:: Given information ::
.....
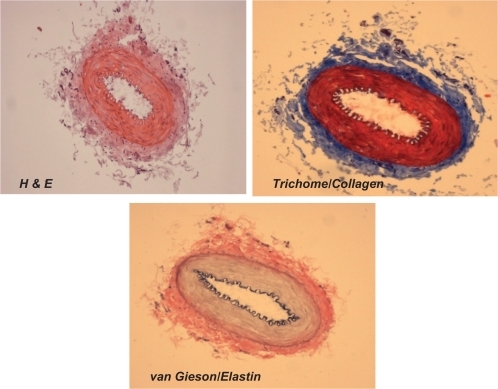 Figure 2A Different staining of femoral artery. Hematoxylin and eosin (H and E) staining was used to determine the general morphology of the blood vessels; the pinkish part represents the cytoplasm and the blue spots show the presence of nucleus in the artery wall. Masson trichrome staining was used for determination of collagen in tissue; the blue staining at the tunica adventitia represents the presence of collagen in the blood vessel; van Gieson staining was used to determine the presence of elastin in tissues; the blackish-brown staining in the tunica intima shows the presence of elastin in the artery.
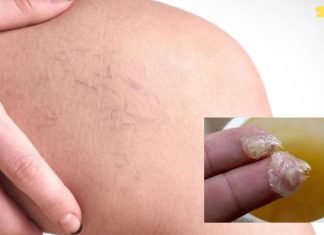 3 მცენარეული საშუალება ვარიკოზული ვენებისა და როზაცეას სამკურნალოდ!! აუცილებლად მივმართავ ამ ხერხს..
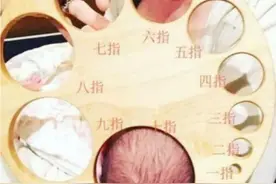 丈夫问医生：开十指是什么意思？医生拿出示意图后，丈夫红了眼眶图片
.....
:: What is needed ::
Without including any picture, set down the listing above exactly as it appears.

:: Output of the task ::
 Figure 2A Different staining of femoral artery. Hematoxylin and eosin (H and E) staining was used to determine the general morphology of the blood vessels; the pinkish part represents the cytoplasm and the blue spots show the presence of nucleus in the artery wall. Masson trichrome staining was used for determination of collagen in tissue; the blue staining at the tunica adventitia represents the presence of collagen in the blood vessel; van Gieson staining was used to determine the presence of elastin in tissues; the blackish-brown staining in the tunica intima shows the presence of elastin in the artery.
 3 მცენარეული საშუალება ვარიკოზული ვენებისა და როზაცეას სამკურნალოდ!! აუცილებლად მივმართავ ამ ხერხს..
 丈夫问医生：开十指是什么意思？医生拿出示意图后，丈夫红了眼眶图片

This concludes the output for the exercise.